_What the task asks_
In the entries below, find the line with "this 600×388 image." and the line with "this 768×512 image."; give again those lines and every line between them, exactly.

(Dataset content)

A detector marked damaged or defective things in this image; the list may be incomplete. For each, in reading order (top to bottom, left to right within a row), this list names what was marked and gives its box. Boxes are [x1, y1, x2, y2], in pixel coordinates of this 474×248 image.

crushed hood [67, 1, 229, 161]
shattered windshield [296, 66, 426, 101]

(End Dataset content)
(Dataset content)

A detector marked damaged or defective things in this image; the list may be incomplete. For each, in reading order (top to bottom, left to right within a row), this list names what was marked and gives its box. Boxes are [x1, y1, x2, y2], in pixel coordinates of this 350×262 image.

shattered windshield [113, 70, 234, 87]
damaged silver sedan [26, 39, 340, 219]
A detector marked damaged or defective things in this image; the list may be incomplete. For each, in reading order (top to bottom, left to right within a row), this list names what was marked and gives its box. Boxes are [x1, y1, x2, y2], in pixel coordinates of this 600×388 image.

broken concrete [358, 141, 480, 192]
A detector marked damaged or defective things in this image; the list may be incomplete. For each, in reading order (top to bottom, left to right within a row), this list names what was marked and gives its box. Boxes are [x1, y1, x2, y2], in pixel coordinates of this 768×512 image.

(End Dataset content)
(Dataset content)

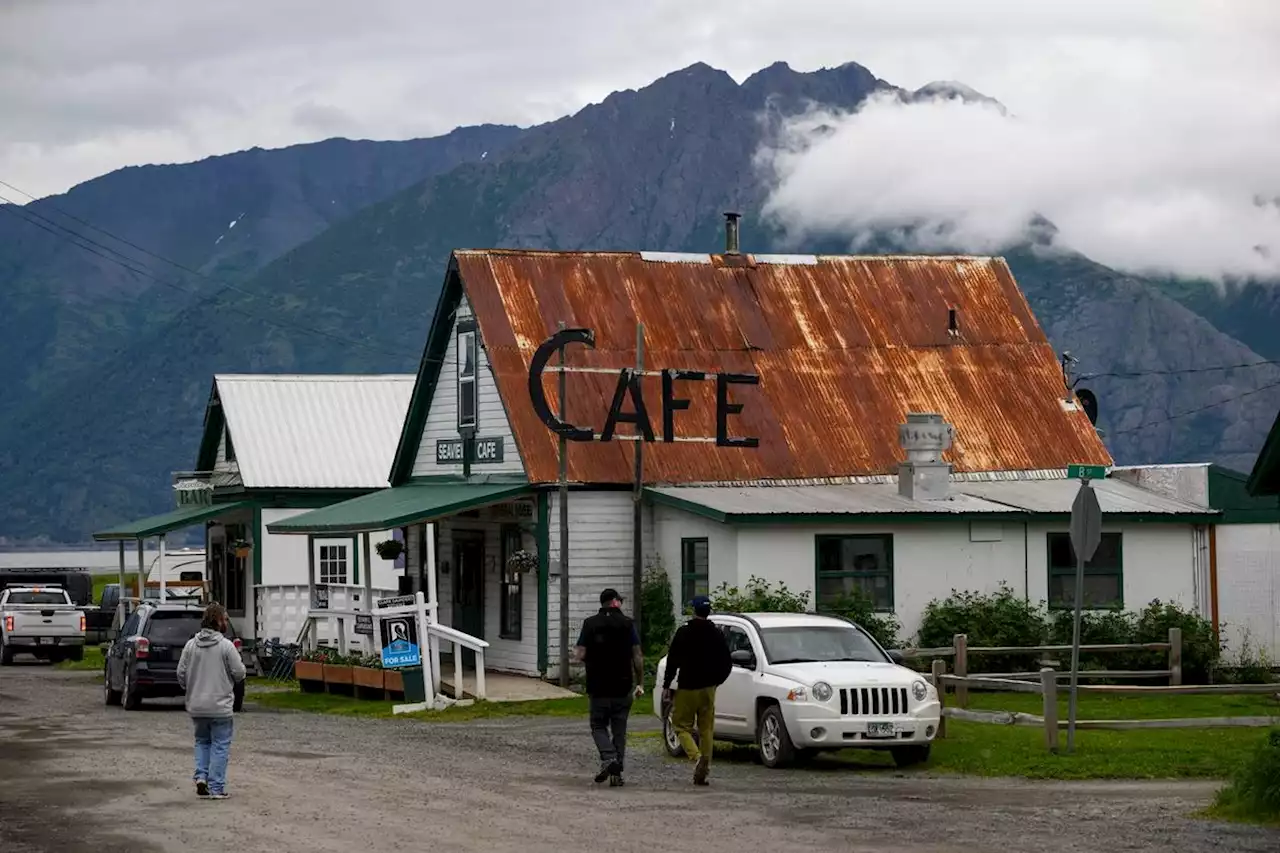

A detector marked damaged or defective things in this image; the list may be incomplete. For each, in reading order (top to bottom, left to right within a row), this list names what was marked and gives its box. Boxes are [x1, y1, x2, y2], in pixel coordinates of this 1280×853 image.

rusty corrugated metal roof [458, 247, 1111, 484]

(End Dataset content)

_Solution_
A detector marked damaged or defective things in this image; the list may be incomplete. For each, in reading order (top to bottom, left to right within a row), this list names what was marked and gives its box. Boxes are [x1, y1, x2, y2], in pixel coordinates of this 600×388 image.

broken concrete [358, 141, 480, 192]
A detector marked damaged or defective things in this image; the list may be incomplete. For each, in reading order (top to bottom, left to right within a row), this list names what was marked and gives its box. Boxes are [x1, y1, x2, y2], in pixel coordinates of this 768×512 image.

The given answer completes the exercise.